É preocupante a possibilidade do tão comentado convênio entre a Prefeitura Municipal e a Polícia Militar proposto pelo comando da Polícia Militar em agosto do ano passado para utilização de militares de folga, ao invés da criação de uma guarda municipal, mesmo com a informação do comandante do 4º BPMI (Batalhão da Polícia Militar do Interior), tenente-coronel Benedito Roberto Meira, de que a contratação de policiais militares em folga pela prefeitura pode aumentar o efetivo diário em 50 oficiais, já que “pelo esquema, cada policial poderia trabalhar oito vezes por mês para a prefeitura”.
O escopo da fixação, por lei, do intervalo mínimo de 11 horas entre as jornadas e de um dia de folga por semana ou em outra escala de trabalho que respeite a folga do trabalhador reside na proteção de sua rigidez física, a fim de que possa recompor as suas energias antes do início da jornada diária seguinte, viabilizando, inclusive, o melhor desempenho nas suas atividades.

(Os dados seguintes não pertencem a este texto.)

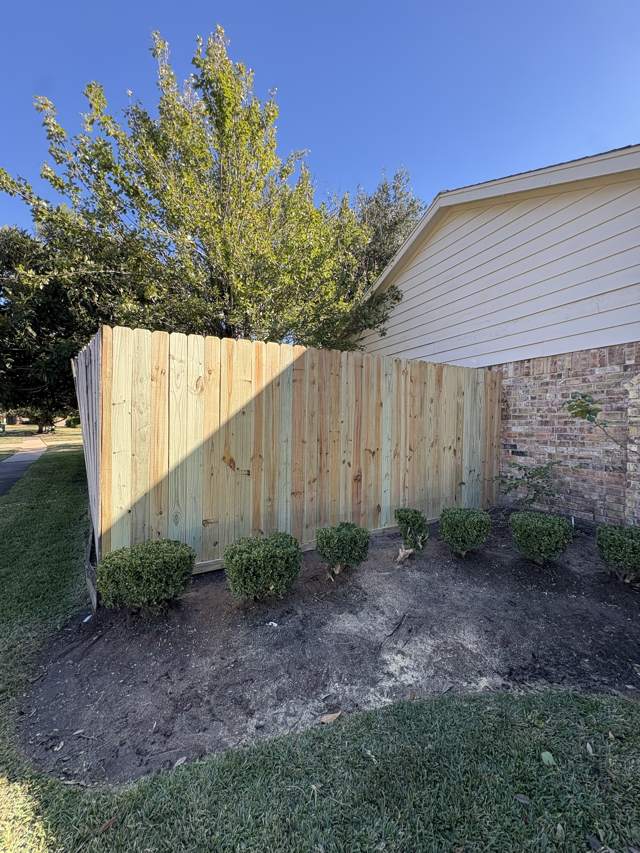 New wood fence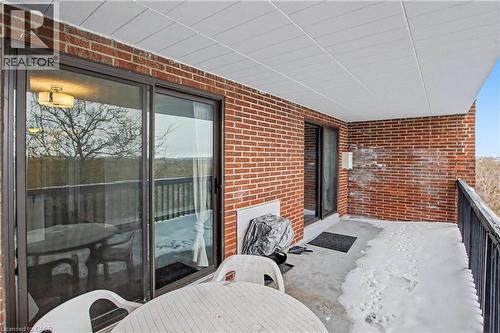 63 Conroy Crescent Unit# 52, Guelph, ON -  With Balcony With Exterior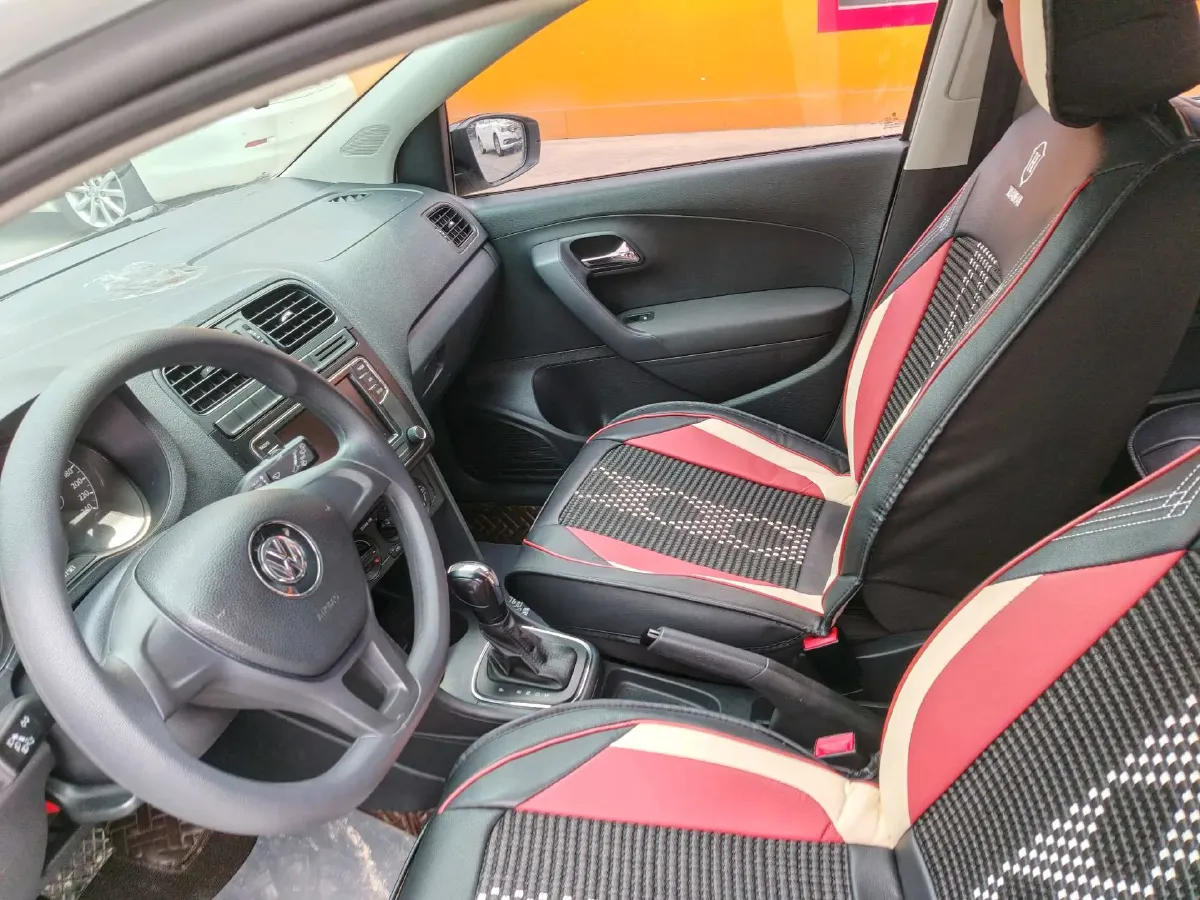 2016 Volkswagen Polo 1.4L 90HP L4 6AT,autocango,china used car exporter,china ev exporter,chinese used car exporter,chinese used ev exporter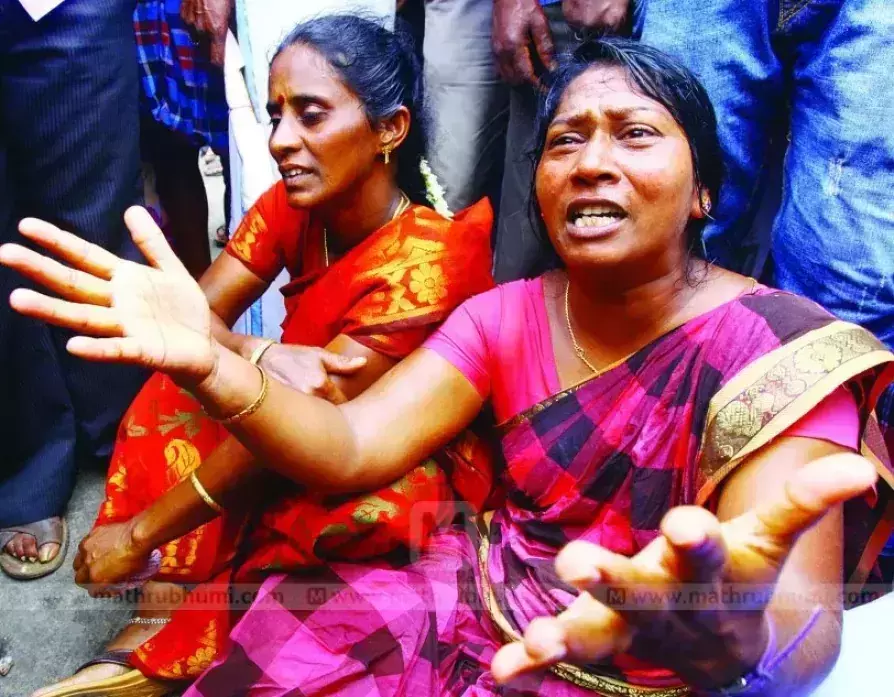 ആശുപത്രിയിൽ നിന്നിറങ്ങി: പൊമ്പിളൈ ഒരുമൈ സമര നേതാവ് ഗോമതി വീണ്ടും നിരാഹാര സമരം തുടങ്ങി ആശുപത്രിയിൽ നിന്നിറങ്ങി: പൊമ്പിളൈ ഒരുമൈ സമര നേതാവ് ഗോമതി വീണ്ടും നിരാഹാര സമരം തുടങ്ങി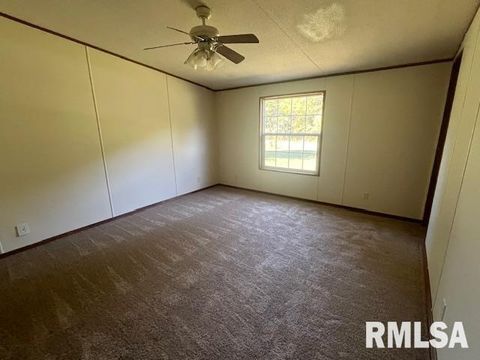 Tiny photo for 3106 N STEWART Lane, Marion, IL 62959 (MLS # EB459953)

É o Estado tutelando um dos direitos fundamentais (o trabalho) desde o texto constitucional até as normas abaixo dele.
Neste linha de raciocínio, o convênio proposto pelo comando da PM para nossa cidade se mostra temerário, na medida em que suprime o legal e necessário descanso de policiais militares a guisa de aumentar-lhes a renda e poupar os cofres municipais, não parece razoável, já que não permite o descanso reparador do corpo e da alma que possibilita a execução da atividade profissional de forma mais eficiente, residindo aí a preocupação deste munícipe.
Àqueles policiais militares que, por qualquer motivo, decidirem engajar-se neste hipotético convênio, será dada a oportunidade de aumento de renda mas, em contrapartida, ser-lhes-a retirado a possibilidade do descanso, do laser, do convívio com a família e amigos e, enfim, a possibilidade de recompor-se para outra jornada de trabalho, aumentando o risco de estresse e outros males advindos dos excessos.
O “bico” do policial militar já é quase “institucionalizado” na PM, já que sem ele seria sofrível a tarefa dos policiais militares de sustentar-se e a seus familiares, porém, o convênio preconizado pelo comando da PM não deve ser a tábua de salvação de policiais mal remunerados, afinal de contas o município será solidariamente responsável pelos atos dos conveniados que exercem atividade policial onde não faltam episódios de abuso.